So, maybe it is time to change the whole studio system anyway.  There is so much graft between the studios, the radio stations, the concert promoters, ticket sellers, etc, the artists don't get much when all is said and done.  What does it really take to create an album?  Not that much, really, just a well equipped studio, some good sound engineers, a graphic artist and voila!!!  Ok, now you release a few singles to an internet radio station that does not have to pay royalties and has extremely low overhead.  The artist gets airtime depending on listener feedback and the artist has one incredible website for advertising and sales.  The artist doesn't have to have a fortune in inventory sitting in some music store waiting to be sold.  Or, maybe you create some music kiosk where you burn your own cds with the music and artists you want.  Each song can be transferred a finite amount of time before it loses its quality.

Personally I think this is the only way to go.  The studios have made megabucks from cds, new groups are "created" like tatu, not born and  when is the last time you heard an anti establishment song.........  

The only way to resolve the issue is to get the studios out of the picture.  IMHO


----------



## gwynarion (Mar 6, 2003)

> _Originally posted by sheepguy42 _
> *gwynarion- I have often found Classical music CDs to be cheaper (gotta know where to look) than current rock albums, or classic rock, or the Celtic rock I listen to.*


I've found the same to be the case, which is why I suggested that they might use a variable rate for different kinds of music, just as they have different prices for different CDs.


----------



## Randman (Mar 6, 2003)

At $1 a song (if that's what it will be), a variable price format seems as if it would be a lot of extra clutter for a minority of users. Why make things more complicated?
   But... if you're really into doing that, why not charge $.98 for a song, then the other 2 cents can be donated to this website to keep it running.   Sorry if being a little cheeky, but c'mon, it's a buck a song. Get some friends and share songs via a burned CD and you further reduce the price.
  The simpler the plan, the better the chance it has of working.


----------



## Quicksilver (Mar 7, 2003)

I think it is a true part of the digital hub and a perfect way for somone to switch.


----------



## fryke (Mar 7, 2003)

> _Originally posted by Randman _
> *The simpler the plan, the better the chance it has of working. *


I can only agree with that. I want to know what anything costs in advance. A simple setup like 'A buck for a song' sounds perfect.


----------



## Quicksilver (Mar 7, 2003)

Next is Video & DVD's, I hope. i wonder how micro$oft will be feeling.


----------



## djbeta (Mar 7, 2003)

PLEASE PLEASE PLEASE APPLE LET THIS BE TRUE.... $.99 A SONG.. !!!

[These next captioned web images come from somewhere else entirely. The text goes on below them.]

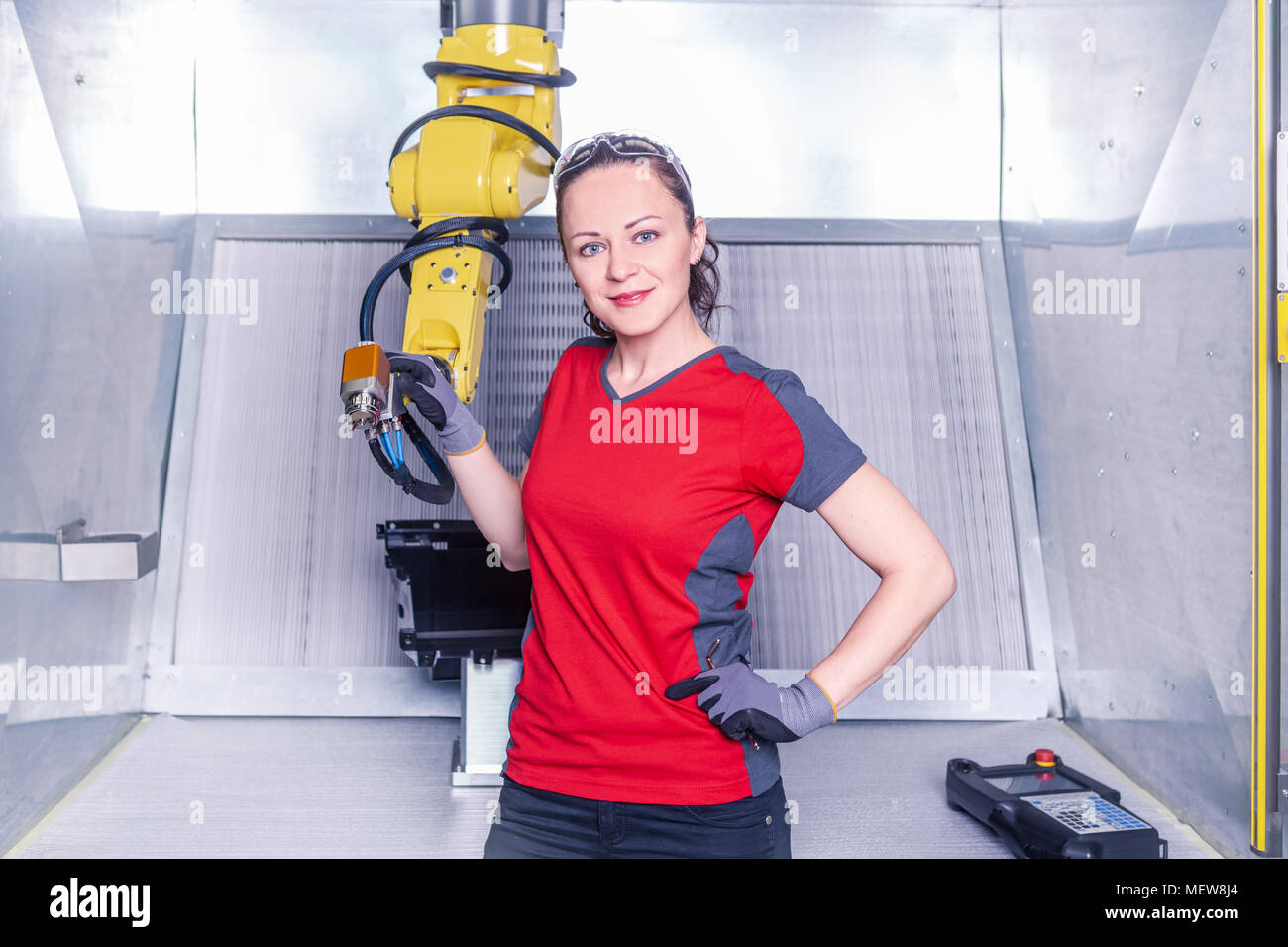 A young female technician while machine constructing in a manufacturing plant Stock Photo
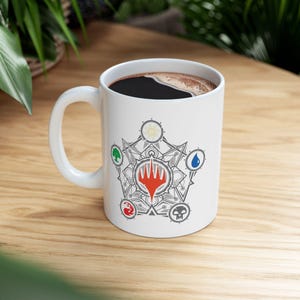 May include: White ceramic mug with a black handle. The mug features a graphic of a five-pointed star with five symbols inside. The symbols are a white sun, a green leaf, a blue water drop, a red flame, and a black skull.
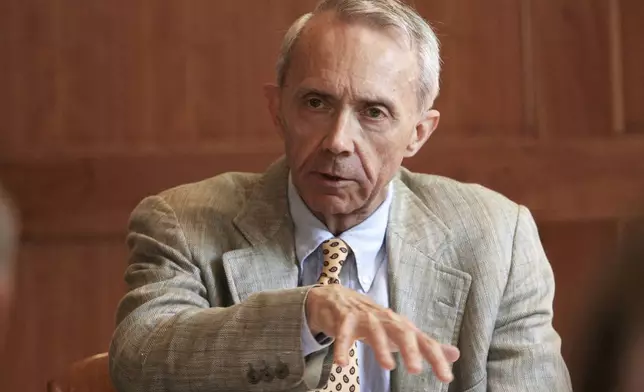 FILE - Retired U.S. Supreme Court Justice David Souter works with his group to promote civics education in New Hampshire schools during a meeting in Concord, N.H., Sept. 16, 2009. (AP Photo/Jim Cole, File)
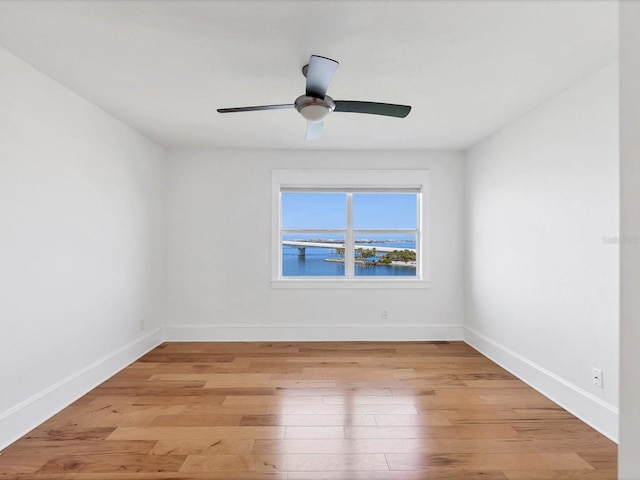 226 Golden Gate Pt Unit 63, Sarasota, FL 34236 - spare room featuring light wood-type flooring and baseboards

this is  NOT too expensive...  go ahead and try to make a song, my friend, then tell me you want to sell it to me for $.99

hmmph.


----------



## JetwingX (Mar 7, 2003)

NO 99¢ SONGS I HATE THAT STUPID NUMBER. THAT IS THE ONE THING THIS COUNTRY NEEDS TO GET AWAY FROM!!!
(ok i am done with may rant)
make it a dollar !


----------



## Gedankenspiel (Mar 10, 2003)

Let's put aside the discussion around price - I am more concerned about Apple diversifying its' product and service offering even more. Most business that loose their focus and core business end up having to take a big loss at some point. This can only mean one of two things:

1. Apple desperately needs to ramp up revenues and is willing to take the risk with yet another online service. Hopefully they will make the value proposition more clear and - as much discussed on this board - makes sure that pricing is attractive unlike its' .mac offering.

2. MacOSX will soon run on Intel processors and Apple NEEDS to diversify because hardware revenues will likely decline and software revenues increase. This could mean a shift in Apple's overall business strategy. Less hardware, => less inventory => less cost. 

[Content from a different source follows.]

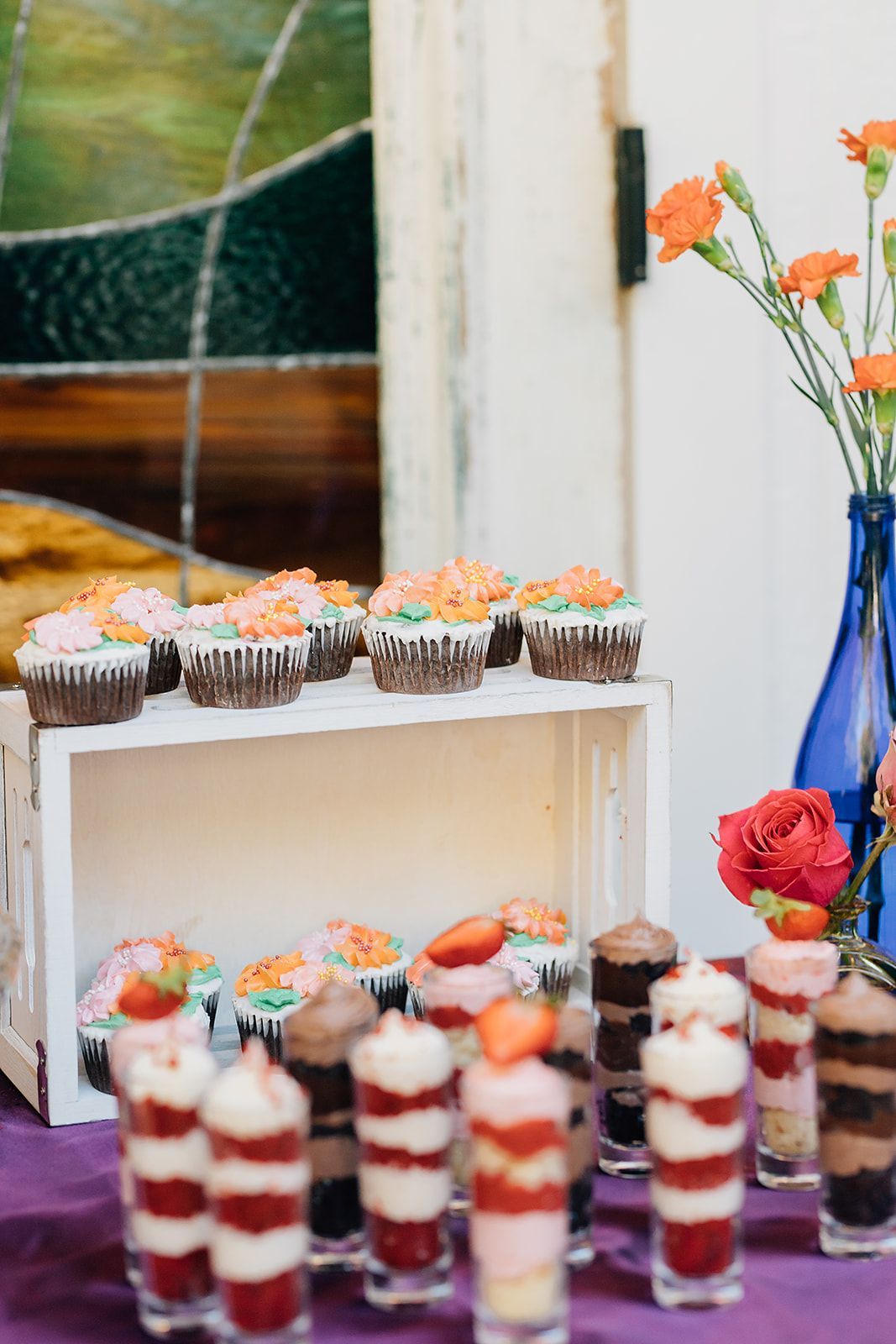 Cupcakes and layered desserts on a table with flower arrangements. Baked goods have orange frosting and strawberries.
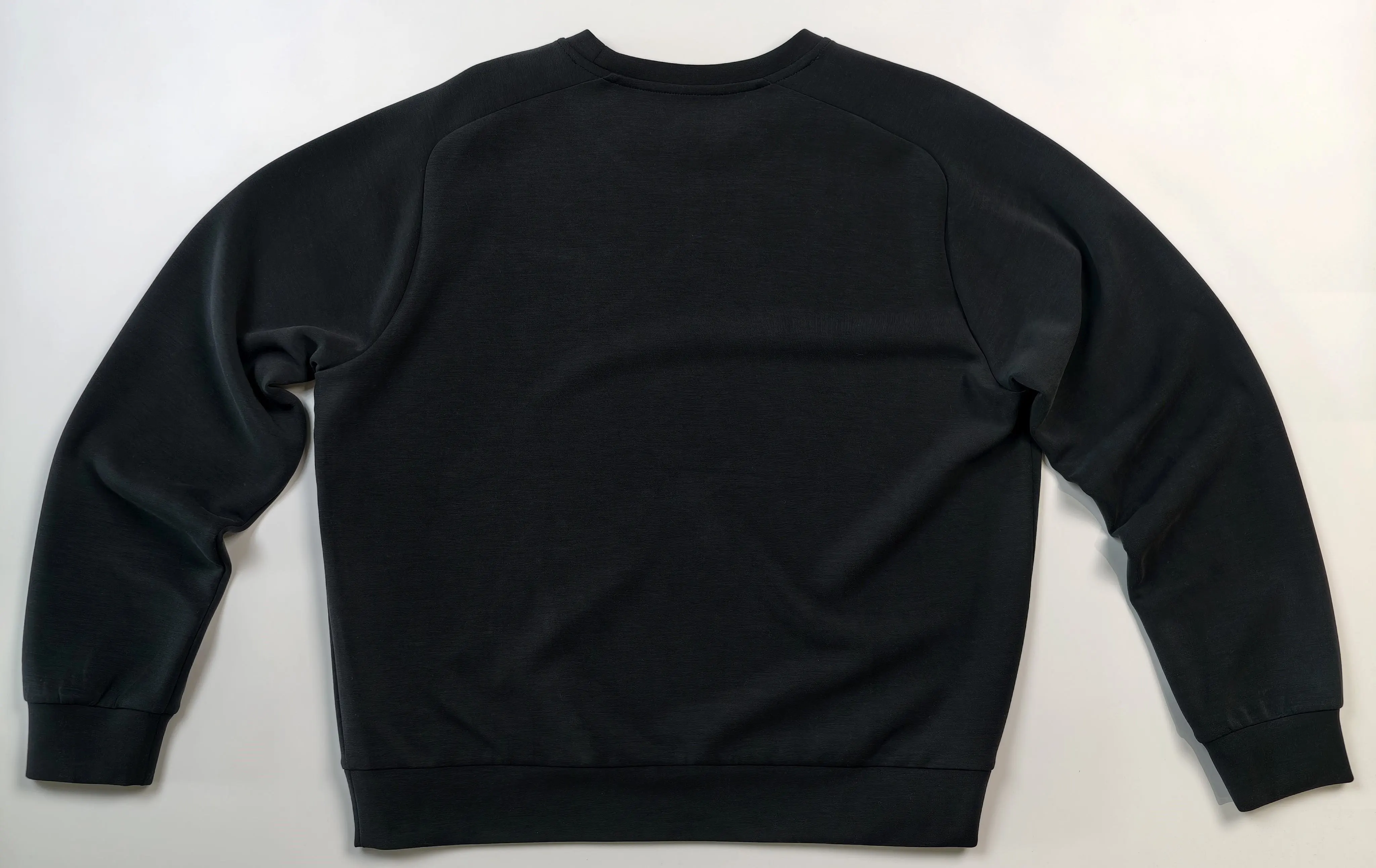 Back flat view showing raglan-style shoulder construction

I personally would like to see Apple stick to hardware and the software they have. 

Cheers,
G


----------



## g/re/p (Mar 10, 2003)

> _Originally posted by Inline_guy _
> *The LA Times is saying that Apple is making a napster like service where you will pay one dollar  to download a song in ACC format.  You could burn it, or put it on your iPod, or just listen to it on your computer!
> 
> What do you think?  If it is true, then I am excited about it.  I would go for it in a flash.
> ...




1. if this is really true, it could be an      
    indication that apple is desperate.
2. $1 a song is way too much - 50 cents a  
    song would be more reasonable and i    
    would pay that.
3. Would the service be the same crappy
    quality we have come to expect from
    .mac ?? 
   (**cough** **sarcasm** **cough**)


----------



## fryke (Mar 10, 2003)

Infinite Loop. 

The price has been discussed on page one of this thread, too. Please read some of those arguments, too...

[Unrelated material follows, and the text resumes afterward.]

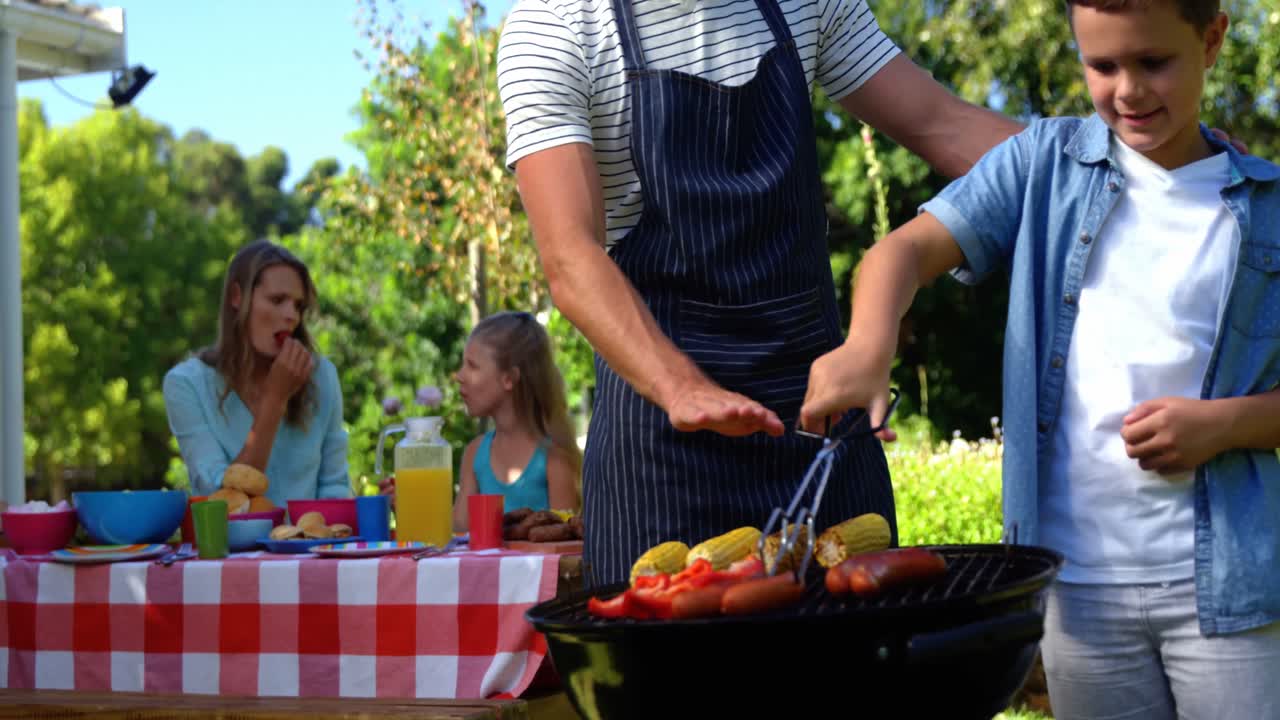 Padre e figlio che grigliano salsicce e pannocchie al barbecue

1 USD per song is certainly not too much to ask if compared to a CD single or even an album of which you might not like every track.


----------



## gwynarion (Mar 10, 2003)

> _Originally posted by g/re/p _
> *1. if this is really true, it could be an indication that apple is desperate.*


Or it could be an indication that Apple has looked at the market, seen a void, and decided that there was a golden opportunity to be siezed by whichever company or individual could prove to the record labels that they had the resources and the business model to exploit it properly.  Personally, I think this sort of thing is right up Apple's alley.


----------



## brianleahy (Mar 12, 2003)

I know I'm joining this thread late, but Yahoo news seems to have an item about this:

http://story.news.yahoo.com/news?tm...=/ap/20030306/ap_on_hi_te/apple_music_service


**GRATUITOUS GRAMMATIC NITPICK**

Not picking on anyone in particular, just a general pet peeve about something I see a lot on the web:

"loose" and "lose" are two different words.  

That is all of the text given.